Upon the occurrence and continuance of an Event of Default, all payments, including any prepayments, shall, at the option of the Lender, be applied first to the payment of all costs and expenses incurred by the Lender arising out of the loan transaction evidenced by this Note, which have not been paid or reimbursed to the Lender, then to accrued interest on the unpaid principal balance of this Note, and then to the balance on account of the outstanding principal balance of this Note.

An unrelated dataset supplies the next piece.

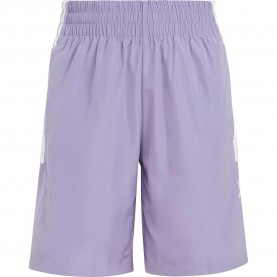 къси,панталони,детски,панталони,adidas,originals,adicolor,shorts,purple,(magic,lilac)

Upon the happening and continuance of any Event of Default, the Lender may (i) declare the then outstanding principal balance of this Note and all interest accrued thereon and all applicable late charges and surcharges and all other liabilities and obligations of the Borrower to the Lender to be immediately due and payable, or (ii) terminate any obligation of the Lender to

 
 

 
make advances pursuant to the Term Loan under the Loan Agreement, whereupon the same shall become immediately due and payable without presentment or demand for payment, notice of non-payment, protest or any other demand or notice of any kind, all of which are expressly waived by the Borrower, except as otherwise set forth in the Loan Agreement.  Failure to exercise either or both such options shall not constitute a waiver of the right to exercise the same in the event of any subsequent default. Notwithstanding the foregoing, upon the occurrence and continuance of an Event of Default described in Sections 11.1(f) or (g) of the Loan Agreement, (A) any obligation of the Lender to advance hereunder shall automatically terminate and (B) the outstanding principal balance of this Note and all interest accrued thereon and all applicable late charges and surcharges and all other liabilities and obligations of the Borrower to the Lender shall become automatically due and payable without presentment or demand for payment, notice of non-payment, protest or any other demand or notice of any kind, all of which are expressly waived by the Borrower.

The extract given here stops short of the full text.